From 2003 to 2006, she was the President of Alfred State College, State University of New York.

She was awarded a Fulbright Award in 2012 to the University of Malta in Malta and the Fulbright Canada Distinguished Research Chair at Carleton University in Ottawa, Canada from 2025 to 2026.

==Early life and education==
Gupta was born in Chennai, India.

She earned her BS and MS in Mathematics from Stella Maris College in India in 1977 and 1979. She earned an MBA in 1985 and a PhD in 1991 in industrial engineering from the University of Central Florida.

== Career ==
After serving as a professor at the University of Central Flordia and East Carolina University, in 1997, she became the Endowed Chair of IT at the Creighton University for three years. She served as the dean of the College of Technology at the University of Houston from 2000 to 2003 before moving to the State University of New York where she was President of Alfred State College from 2003 to 2006. From 2007 to 2019 she was a Professor of Management at Buffalo State University.

In 2009 she founded STEM-SMART, a NGO that tries to engage students in STEM careers on the United States.

In 2012 she won a Fulbright Award to teach and research in Malta and she was awarded the Fulbright Canada Distinguished Research Chair at Carleton University in Ottawa, Canada from 2025 to 2026.

Gupta was awarded the Top Ten Influential Women in Technology in Houston, Texas, and was nominated again for this award in 2012 in Rochester, New York.

=== Writing ===
Gupta has written about sixty research journal articles with her article “Theory and applications of the Delphi technique: A bibliography (1975–1994)” reaching over 420 citations. It investigates the Delphi Technique or Delphi Method, a forecasting method that was developed on the first years of the Cold War. This work surveys the literature from 1975 to 1994 for the methodology and applications on the Delphi method.
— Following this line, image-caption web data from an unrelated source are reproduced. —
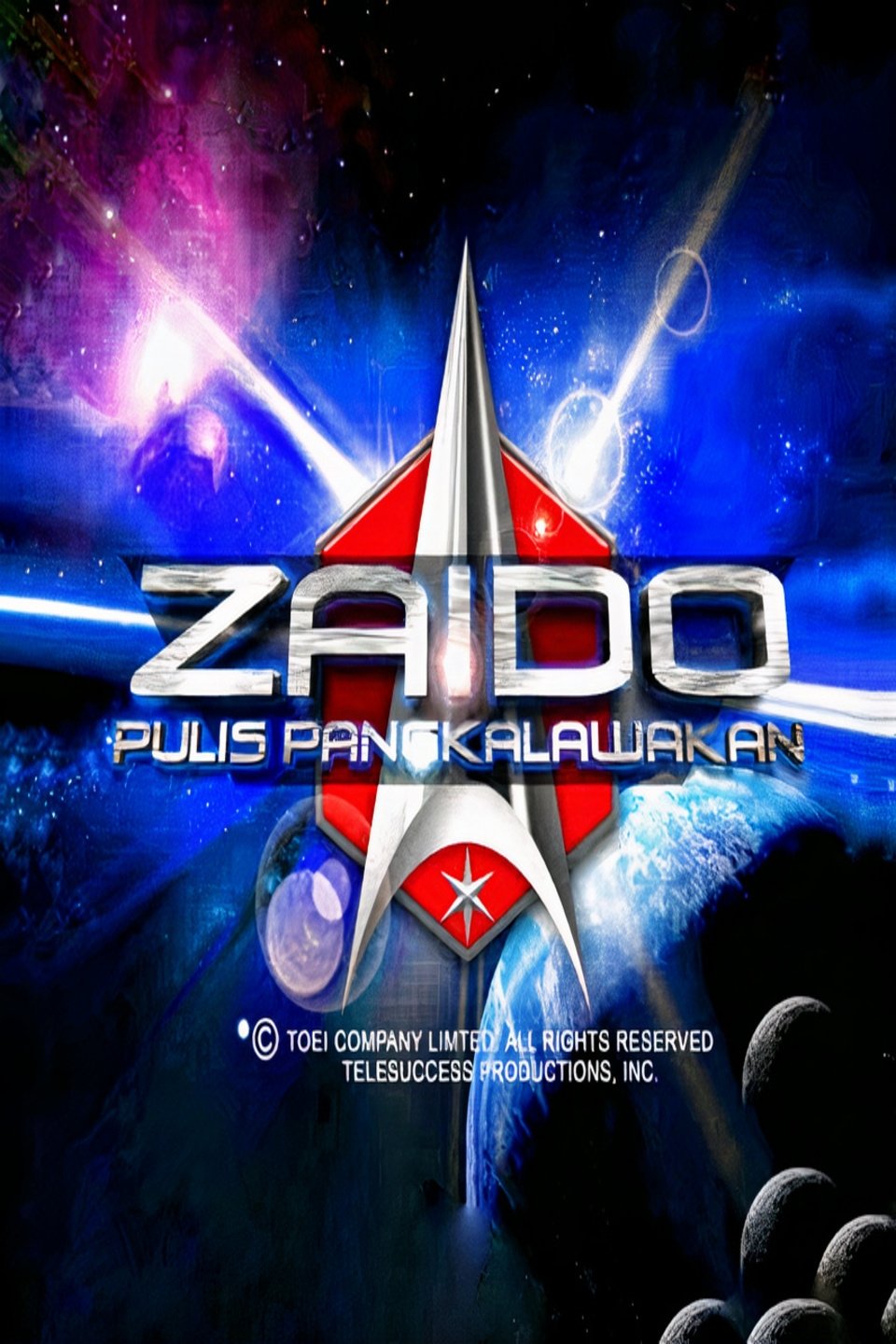Zaido: The Space Sheriff poster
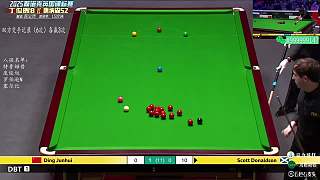 [直播】丁俊暉 唐納森 斯諾克英錦賽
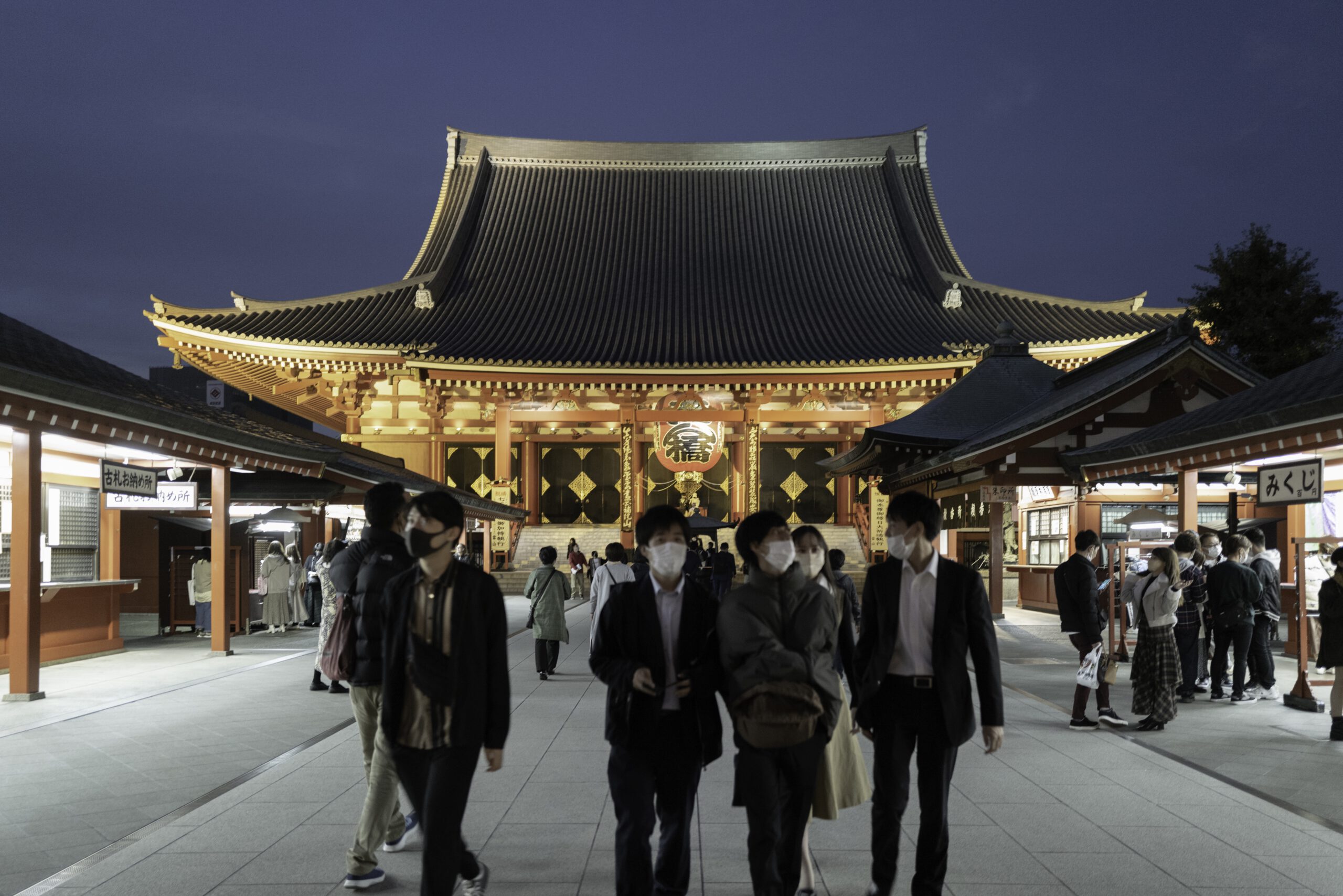 Asakusa – Tokyo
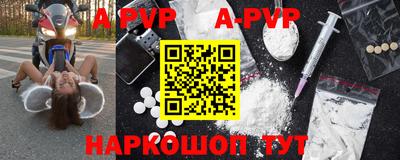 mdpv Татарск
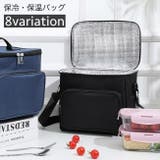 保冷バッグ クーラーバッグ 保温バッグ | PlusNao | 詳細画像1 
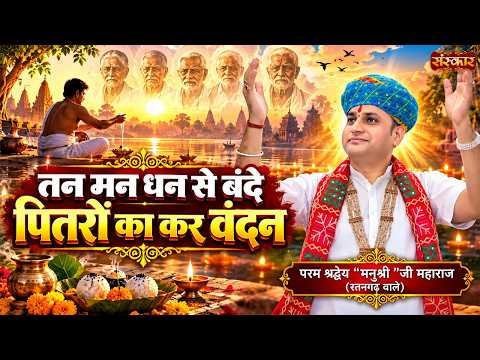 तन मन धन से बंदे पितरों का कर वंदन | Manushri Ji Maharaj Bhajan | Sanskar TV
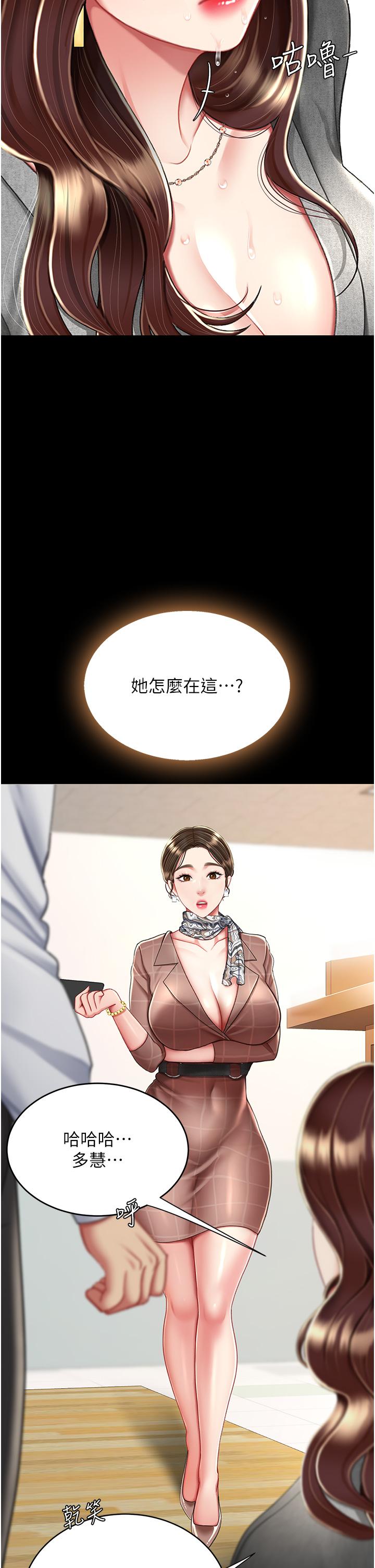 第15话-危险期无套中出 - 第9.jpg页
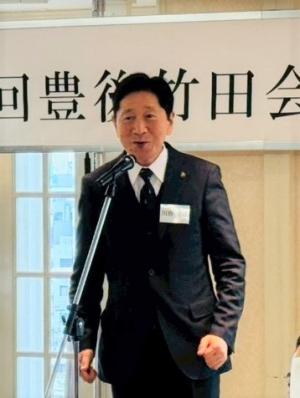 豊後大野市長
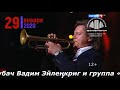 Вадим Эйленкриг (труба) и группа «Eilenkrig Crew» в Самаре!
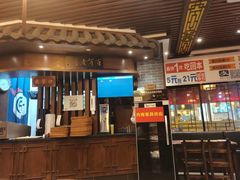 -笋爷高汤嗦螺粉·螺蛳粉(上社店)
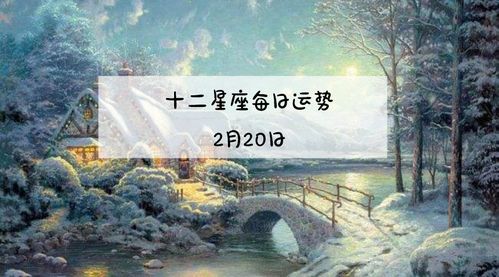 诡魅塔罗12星座2019年2月20日运势播报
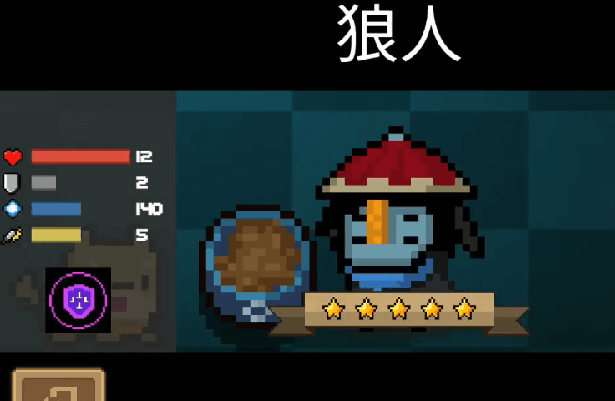 2023元?dú)怛T士狼人激活碼分享，免費(fèi)領(lǐng)取鉆石及1萬(wàn)藍(lán)幣的方法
The second work is Outsourcing the IS function: Is it necessary for your organization? is a research on outsourcing the IS function on companies, providing help to companies trying to decide if outsourcing is a viable option or not.

She has written two textbooks on information technology: Information Systems: Success in the 21st Century and Management and Information Systems: A Managerial Perspective.